To do:
The answer must consist only of the lines from the line with "Tisa Pro Regular Italic Font LOWERCASE" to the line with "Teren extravilan Pitesti", both included, exactly as they stand below.

Supplied data:
[Start of Attachment]

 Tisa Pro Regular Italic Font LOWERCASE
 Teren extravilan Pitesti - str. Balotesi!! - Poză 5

[End of Attachment]
[Start of Attachment]

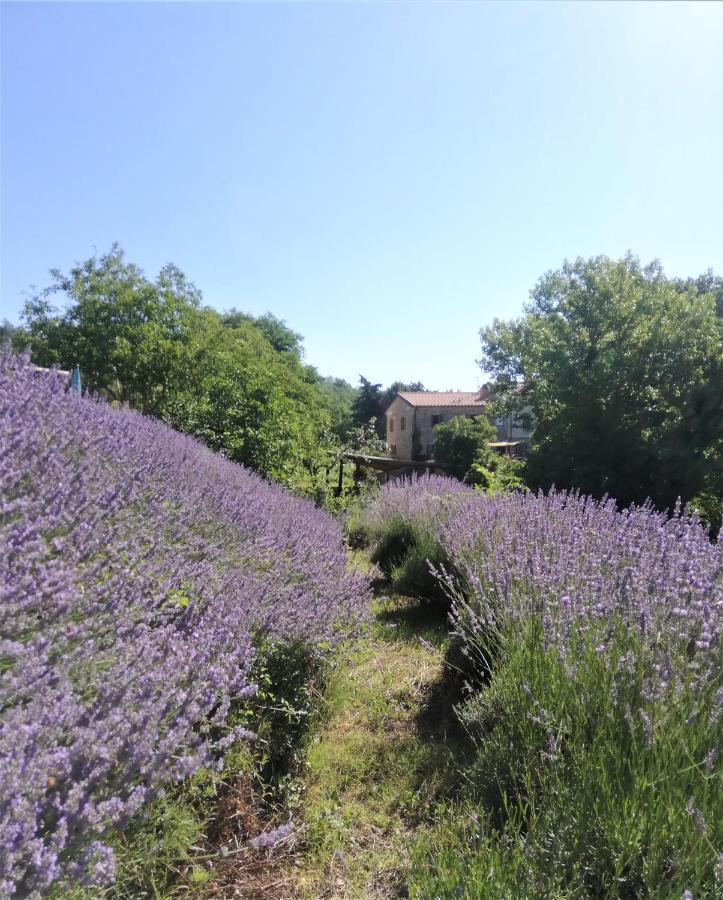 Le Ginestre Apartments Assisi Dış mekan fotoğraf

[End of Attachment]

Expected answer:
 Tisa Pro Regular Italic Font LOWERCASE
 Teren extravilan Pitesti - str. Balotesi!! - Poză 5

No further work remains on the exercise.